As lettuce has such a high water content, the freezing process causes more ice crystals, and therefore more damage, which results in a slimy mess.
How damaged lettuce becomes from freezing also depends on the type of lettuce being frozen.
Thicker-leafed lettuce such as romaine, Cos, Boston or butterheads freeze slightly better than the thinner-leafed lettuce types, but they still do not thaw well to be used in salads, but can be cooked with after being frozen.
Home-grown lettuce also does much better when frozen, as this lettuce does not go through storage and shipping, so they end up thawing much better when frozen, not having been broken down as much already.
Freezing lettuce is not recommended, you will not be able to enjoy crisp, fresh leaves that form the base of a good salad.
If you are going to freeze lettuce, make sure you actually use quality double sealed Ziploc bags.
How To Freeze Lettuce
If you do want to freeze lettuce, whether to see how it freezes or to use it for cooking, here is how you should do so.
- First, you should separate all the leaves and wash them thoroughly. Remove the leaf bases from all the leaves.
- Using a paper towel, gently blot down the lettuce leaves, removing as much water as possible. The lettuce will freeze much better if there is as little water as possible on the leaves, so drying them is really important.
- Place the dried lettuce leaves into freezer bags, removing as much air as possible from the bags. You can even use a straw to suck out any excess air around the leaves.
- Seal the bag tightly and place the bag into the freezer. If you have a vacuum sealer, you can use it to secure the leaves in the plastic freezer bag as tightly as possible.
Frozen lettuce should be used within six months, and the frozen lettuce will be best used in casseroles, soups, stocks, quiches, and stir-fries, as the lettuce does not need to be eaten fresh.
Freezing Other Salad Ingredients
There are so many different ingredients you can add to a salad, both raw and cooked. Each ingredient freezes differently, so knowing which freezes well will help you save some elements of a salad for use later on.
Fruits and vegetables with a higher water content should not be frozen, as they will become icy in the freezer, and these ice crystals will destroy the cell walls of the product and cause them to become slimy and mushy. A soggy piece of cucumber or a limp tomato is never great in a salad.
Tomatoes – Tomatoes should not be frozen fresh if they need to be used in a salad. However, you can freeze tomatoes with the skin on to be used in cooked foods such as sauces and stews, but they should not be used in salads as they will be mushy after thawing.
Cucumbers – As cucumbers have a high water content, they also do not do well when frozen and thawed. Freezing and thawing cucumber will result in it being mushy and slimy, and definitely will not taste great in a salad. Once again, frozen cucumbers can be used in cooking, but should not be used in fresh salads.
Feta cheese – Feta cheese can be frozen and thawed and used again in a salad. Feta has a salty flavor and adds a great taste to salads, but feta can lose some of its flavors when frozen.

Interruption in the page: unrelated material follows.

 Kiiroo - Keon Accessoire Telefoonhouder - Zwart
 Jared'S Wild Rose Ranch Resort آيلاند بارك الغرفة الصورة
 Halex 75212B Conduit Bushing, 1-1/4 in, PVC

Carrots – Carrots can be frozen and used in a salad once thawed. You can choose to Blanche the carrots before freezing to ensure their flavor stays stronger while frozen, but they can be frozen raw. The carrots will not lose too much of their flavor and texture when frozen and thawed, so they are fine to use in a salad.
Spinach – Spinach, much like lettuce, turns mushy and slimy when frozen and thawed. Frozen spinach should not be added to a salad, but should instead be used in cooked dishes.
Broccoli – Broccoli does well when frozen, but for the best results, broccoli should be blanched before freezing. As broccoli can be softer than the other vegetables when added to a salad, they are fine to use in a salad after freezing. You can also choose to blanch them in water for three minutes before adding them to a salad to bring back some color and texture.
Mushrooms – Mushrooms are really not great at all when frozen and thawed. While they can be used in cooked meals, the mushrooms will be mushy and very soft, and will not taste good in a salad at all.
There are many different components to a good salad, but as many of the ingredients are fresh and raw, it is difficult to freeze many of them, at least if you want a crisp, tasty salad to enjoy.
To better preserve your salad, you should instead try to place it in an airtight container in the refrigerator, and use it within its best by date. If you can’t manage to eat as much salad as what is left, you can try to use the separate ingredients in different dishes, such as soups and stews.
Freezing Salad Dressing
If you ever find yourself with the need to freeze salad dressing, it is better not to. There are so many different types of salad dressings to choose from, with all of them having a wide variant of ingredients.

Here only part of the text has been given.